Sunday, January 6, 2019

Through a Glass Darkly: What Nietzsche Might Say About Trump Derangement Syndrome


Commentary from The Epoch Times

Frederick Nietzsche had wise and enduring counsel for prosecutors, witch hunters, and grand inquisitors of all political, moral, and moralistic stripes.

“Beware of hunting monsters, lest you become one,” Nietzsche warned. “And when you stare too long into the abyss, don’t be surprised if the abyss stares back at you.”
The insight is especially pertinent for the anti-Trump “Resistance,” which is evolving into something just a little bit less high-minded and idealistic than its leadership originally intended.
Although the Resistance was born in the spirit of principled opposition to what it contended was a man and a movement that were political monstrosities, it has become a kind of ogre in its own right. Over the almost two years of the Trump presidency, that Resistance—aided and abetted by its enablers in the media and in academia—has come to mirror many of the same vulgar, violent, and authoritarian impulses it condemned Trump for representing and—worse—for “normalizing.”
It’s unclear if we are on the edge of a political abyss. But the left does seem like it has come to embody many of the same things it has insisted are evidence of Trump’s various pathologies. It’s as if it’s refracting its own tactics, rhetoric, and strategies through a glass darkly, with the Resistance taking on the same deranged, malevolent tendencies that it so loathes in the president. In effect, it’s reproducing many of the things it’s trying to thwart, practicing what they’re supposed to be preaching against.

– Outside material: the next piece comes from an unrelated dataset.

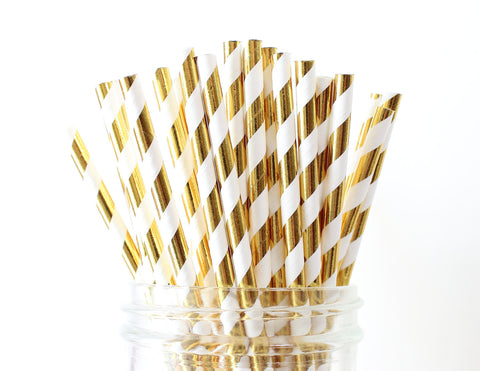 Metallic Gold Stripe Paper Straw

Writing in The New York Times just after the inauguration, columnist Ross Douthat saw the pattern emerging early on, and understood its implications:

“The danger for the established press is the same danger facing other institutions in our republic: that while believing themselves to be nobly resisting Trump, they end up imitating him.
“This mirroring is a broad danger, applying to more institutions than the press. Trump comes to power as a destroyer of norms, a flouter of conventions, and everyone will be tempted to join the carnival—to escalate when he escalates, to radicalize whenever he turns authoritarian.”
Such a dynamic, Douthat insisted, “is more likely to polarize than to persuade, which means it does a demagogue’s work for him.”
As the midterms approach, instead of merely “knowing one’s enemy” as warriors are taught, the Resistance has become its enemy, breaching all sorts of political and democratic norms even as it hops up and down with its hair on fire about the norms that Trump has breached.

Fearmongering

Flashback to June 2015: Almost as soon as Trump finished declaring his candidacy in the lobby of Trump Tower in the summer of 2015, the media branded him as a fearmongering demagogue, a stalking horse for white resentment and status anxiety who would bring on anti-democratic disaster…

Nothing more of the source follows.